───── Information provided

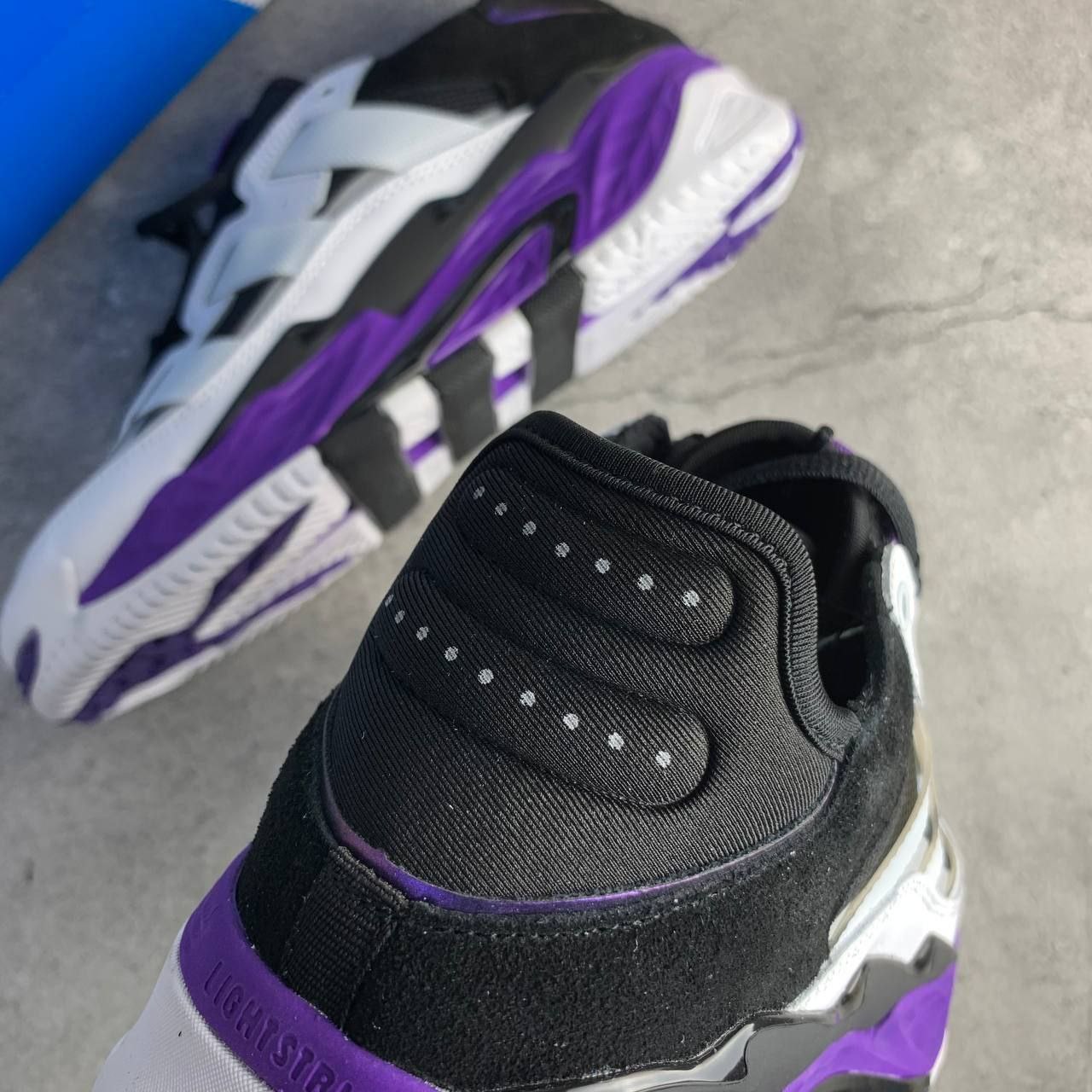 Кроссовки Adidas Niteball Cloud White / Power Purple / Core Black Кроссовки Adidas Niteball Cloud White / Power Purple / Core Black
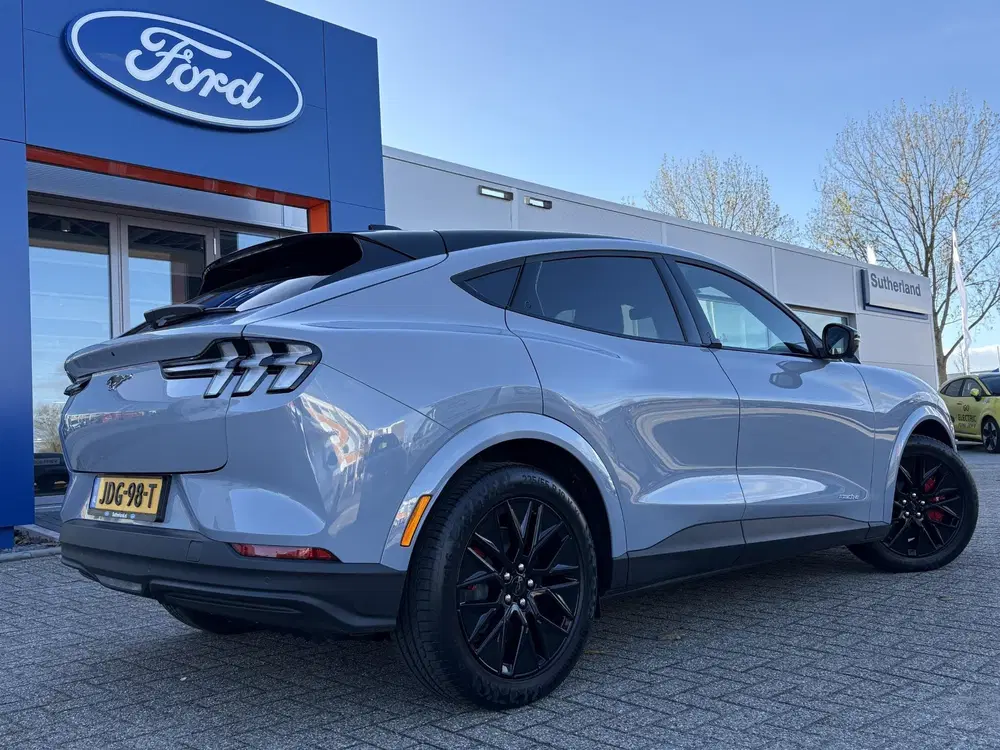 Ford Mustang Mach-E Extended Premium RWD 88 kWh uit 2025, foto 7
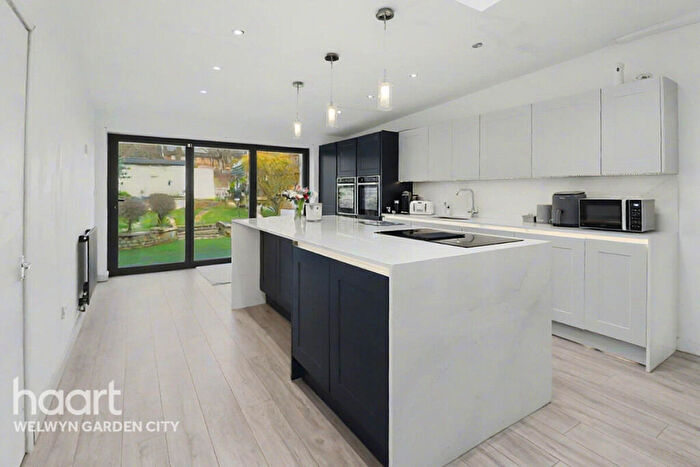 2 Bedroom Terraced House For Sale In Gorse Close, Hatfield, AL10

──────────

**Problem:** Pictures are to be omitted. The lines from the line holding "Ford Mustang Mach-E" through the closing line of the data above are to be set down exactly, and nothing more.

**Written answer:**
 Ford Mustang Mach-E Extended Premium RWD 88 kWh uit 2025, foto 7
 2 Bedroom Terraced House For Sale In Gorse Close, Hatfield, AL10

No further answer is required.